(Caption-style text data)
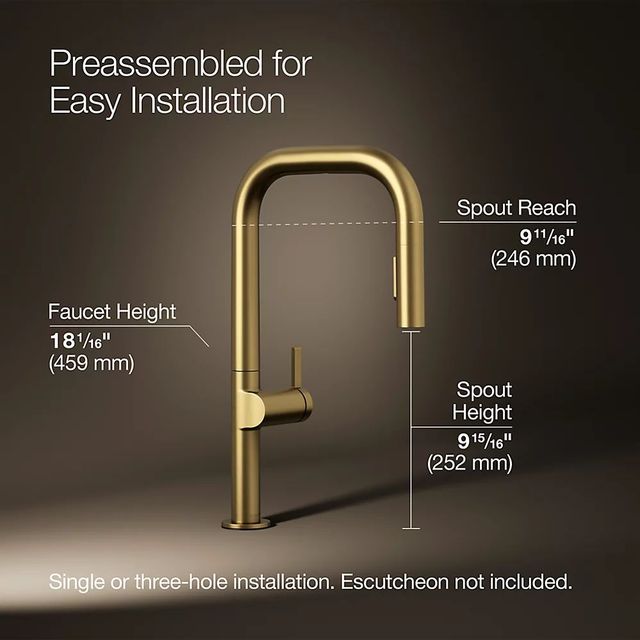 KOHLER® Components® Vibrant Brushed Moderne Brass 18" Touchless Kitchen Sink Faucet with 2-Function Sprayhead-2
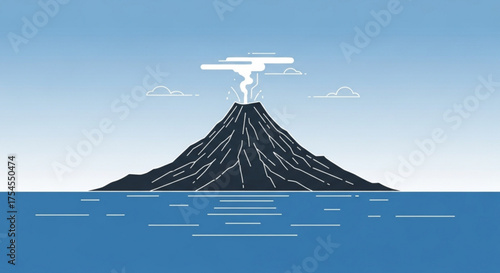 Volcano erupting in the ocean, creating a dramatic island landscape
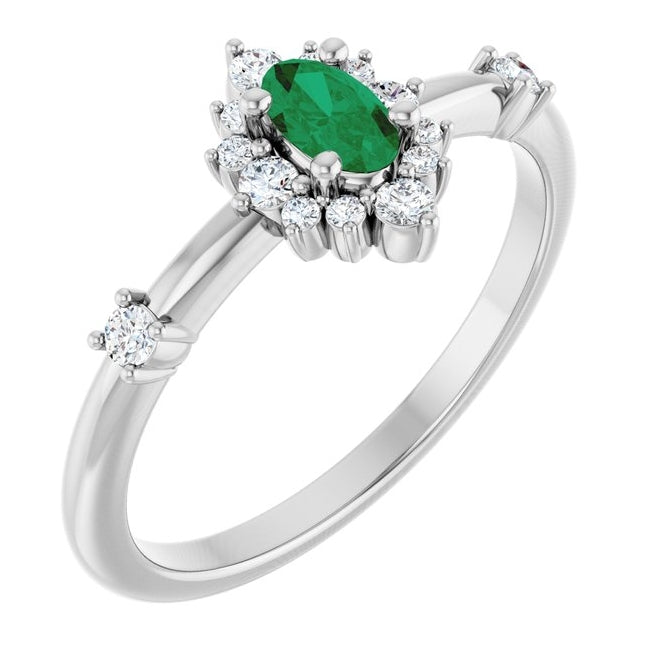 14K White Gold Oval 5 X 3 Mm Polished Natural Emerald And 1/6 Ctw Natural Diamond Halo-Style Ring Size 7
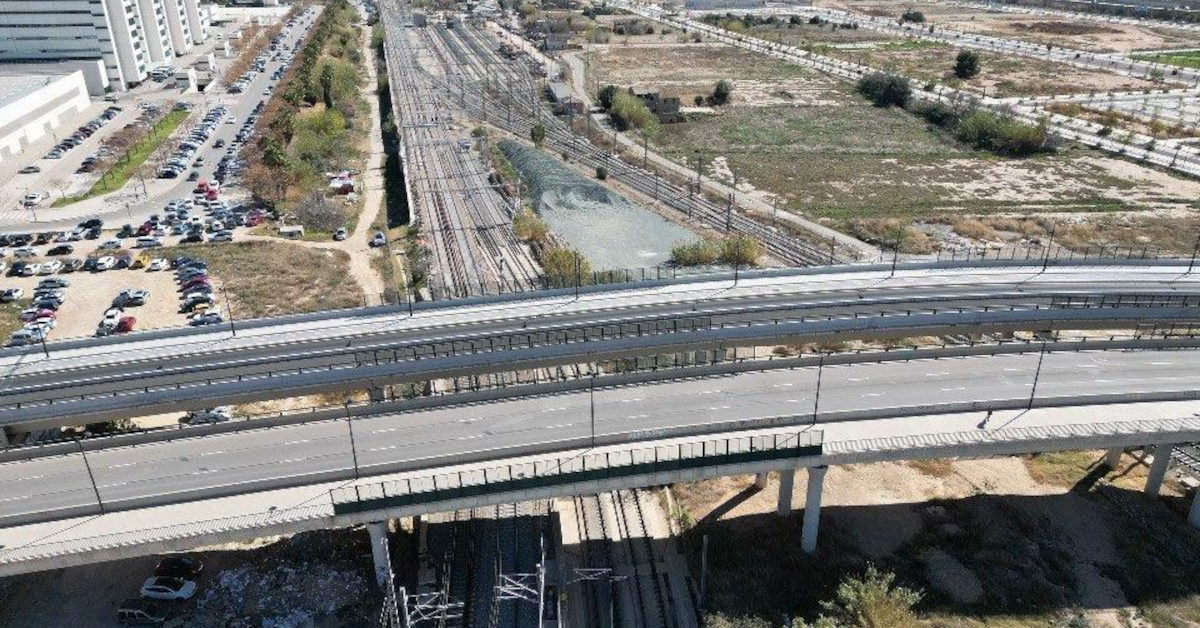 Terrenos sobre los que se va a construir el nuevo cambiador de ancho de Valencia-FSL. © MINISTERIO DE TRANSPORTES Y MOVILIDAD SOSTENIBLE.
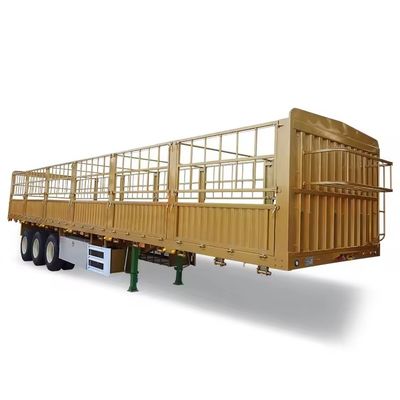 3軸のフェンス貨物トレーラー 最大重荷100トンと13000*2550*2900mm 寸法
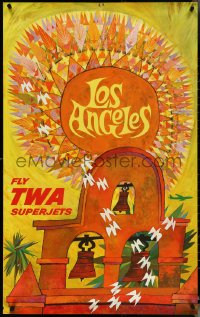 5c0164 TWA LOS ANGELES 25x40 travel poster 1960s Southern California, David Klein artwork!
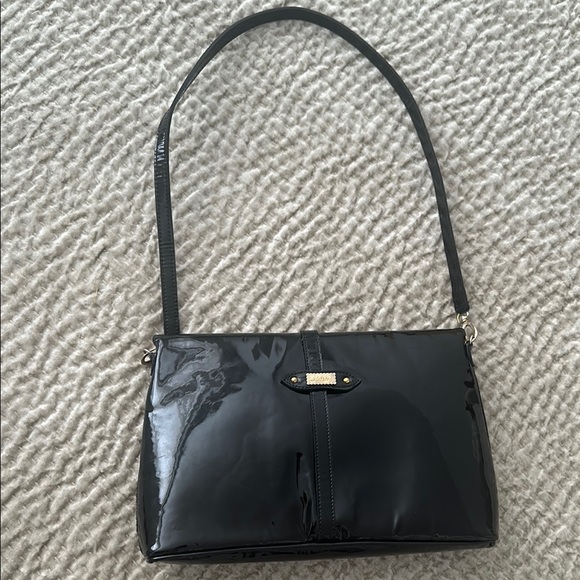 NWOT - Argentinian Leather - Black Suede Shoulder Bag with Gold Studs - Picture 4 of 10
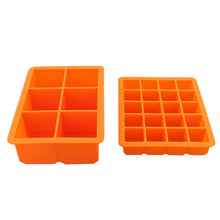 Load image into Gallery viewer, Silicone Ice Cube Mold 2pk Orange Small to Large Rubber Ice Cube Trays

Work task
An exact printout of the entries is wanted, covering the first line through the line holding "14K White Gold", with pictures kept out of it.

Response to the task
 KOHLER® Components® Vibrant Brushed Moderne Brass 18" Touchless Kitchen Sink Faucet with 2-Function Sprayhead-2
 Volcano erupting in the ocean, creating a dramatic island landscape
 14K White Gold Oval 5 X 3 Mm Polished Natural Emerald And 1/6 Ctw Natural Diamond Halo-Style Ring Size 7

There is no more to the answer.